Shape, Pose, and Appearance from a Single Image via Bootstrapped Radiance Field Inversion
This addresses the problem of practical 3D reconstruction for applications like AR and robotics, offering an incremental improvement by integrating pose estimation into existing NeRF-GAN methods.
The paper tackles 3D reconstruction from a single image without ground-truth poses, introducing a framework that recovers shape, pose, and appearance via bootstrapped radiance field inversion, achieving state-of-the-art results and enabling de-rendering in as few as 10 steps.
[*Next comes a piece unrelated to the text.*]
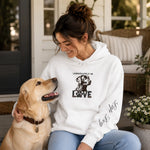 Labrador Retriever Owner Hoodie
Neural Radiance Fields (NeRF) coupled with GANs represent a promising direction in the area of 3D reconstruction from a single view, owing to their ability to efficiently model arbitrary topologies. Recent work in this area, however, has mostly focused on synthetic datasets where exact ground-truth poses are known, and has overlooked pose estimation, which is important for certain downstream applications such as augmented reality (AR) and robotics. We introduce a principled end-to-end reconstruction framework for natural images, where accurate ground-truth poses are not available. Our approach recovers an SDF-parameterized 3D shape, pose, and appearance from a single image of an object, without exploiting multiple views during training. More specifically, we leverage an unconditional 3D-aware generator, to which we apply a hybrid inversion scheme where a model produces a first guess of the solution which is then refined via optimization. Our framework can de-render an image in as few as 10 steps, enabling its use in practical scenarios. We demonstrate state-of-the-art results on a variety of real and synthetic benchmarks.